The defence of “passing on” is therefore particularly designed such that the actual person who has suffered the damage or loss has the right to claim, and the person or entity which has passed on the loss or damage cannot unduly take advantage and be overcompensated.
The US and EU have opposing principles while dealing with this defence of passing on.
In the Hanover Shoe, Inc. v. United Shoe Machinery Corp., case, the US Supreme Court rejected the plea of passing on and opined that it would be too difficult to compute “actual loss”. However, it is pertinent to note that in US indirect consumers are not allowed to claim compensation thereby ruling out the possibility of a multiplicity of claims.

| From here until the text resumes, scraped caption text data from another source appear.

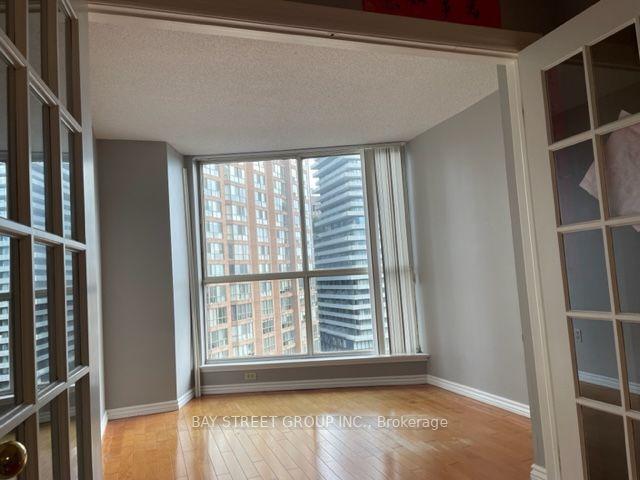 1108 - 1055 Bay St, Condo with 1 bedrooms, 1 bathrooms and 0 parking in Toronto ON | Image 2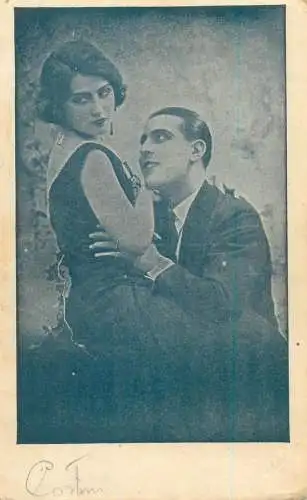 Couples postcard Romania joy romance love elegance  amour 1940s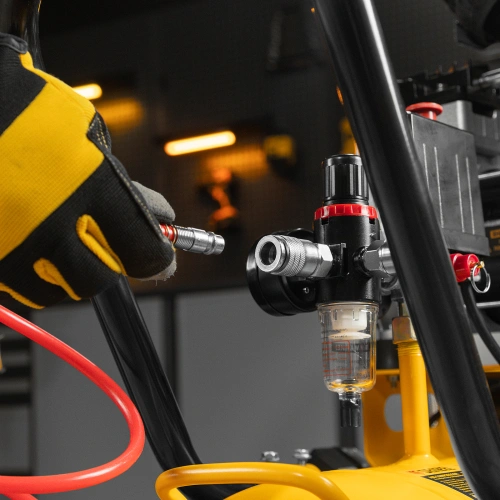 Компрессор безмасляный, малошумный  DLS 2250/100, 2250 Вт, 3x750, 100 л, 410 л/мин блок управления/ Denzel по ценам производителя в Москве с доставкой по всей России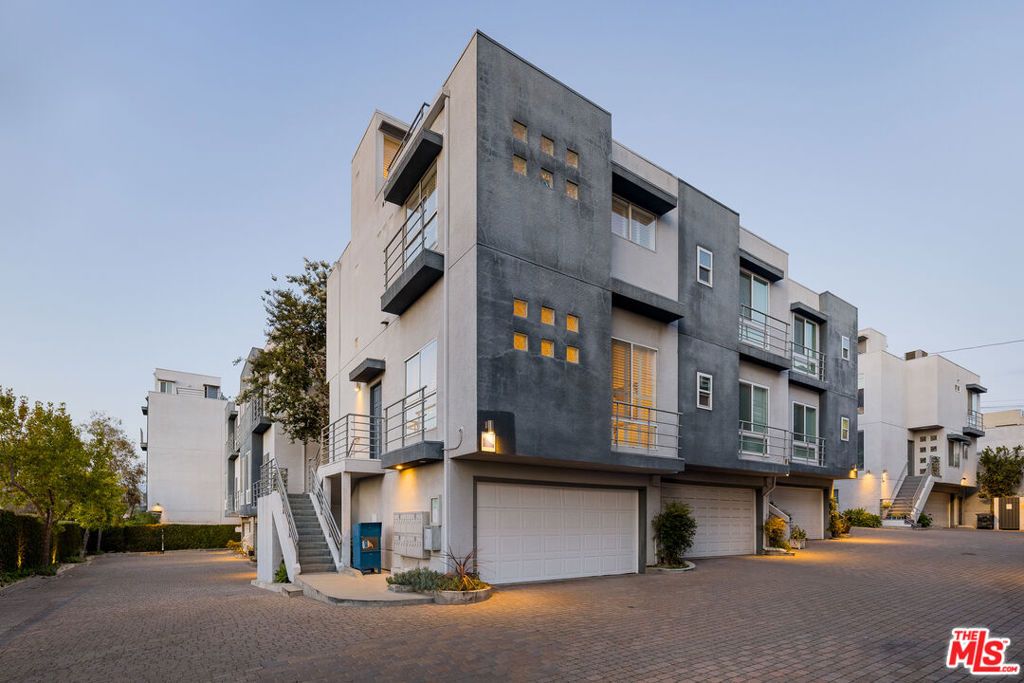 1098 Everett Place, Los Angeles, CA 90026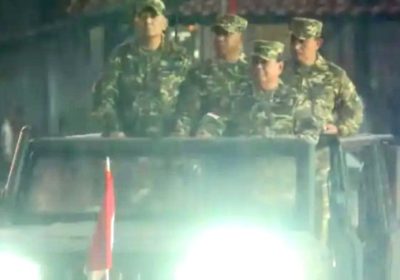 Parade Senja Presiden Prabowo Meski Hujan Tetap Cek Pasukan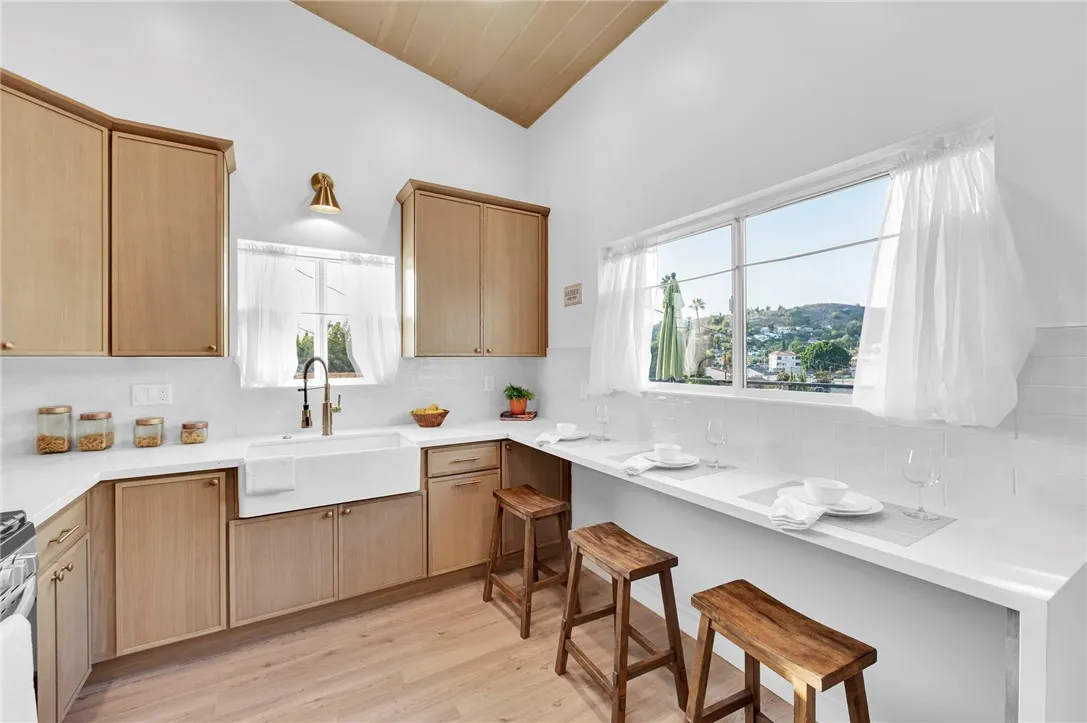 5160 Oakland, Los Angeles, California 90032 home-pic-20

In the EU, the defence of passing on is permitted under Article 12, which mandates EU member states to lay down rules such that claimants are not overcompensated. Recently, however, in the truck cartel case in Spain, it was decreed by the Court that the defence of passing on would be limited to only the “supply chain”, i.e. with respect to the vertical market of the infringing product or service.
In India, therefore we have to see how the courts interpret this defence of passing on and to what extent would such defence be permitted, in order to determine the extent of damages or loss that may be claimed.
Private Enforcement of Competition Law Issues: Infringement of competition law affects public interest as it has direct repercussions on both structural and proper functioning of market economy and consequently on economic activity of all operators and participants in it.[9] Competition law as a matter of public policy does not generally deal with providing compensation to private parties adversely affected by an infringement but with the investigation and punishment of infringements so as to deter such behaviour in future.[10] The main objective of the law is to encourage healthy competition in trade and business and help stop unscrupulous business activities that, in most cases, are aimed at cheating the consumers and controlling markets through means — fair or foul.[11] However, with the rise in anti-competitive agreements and exclusive arrangements entered between parties, the need to protect the private rights of the parties assumes significance in today’s times.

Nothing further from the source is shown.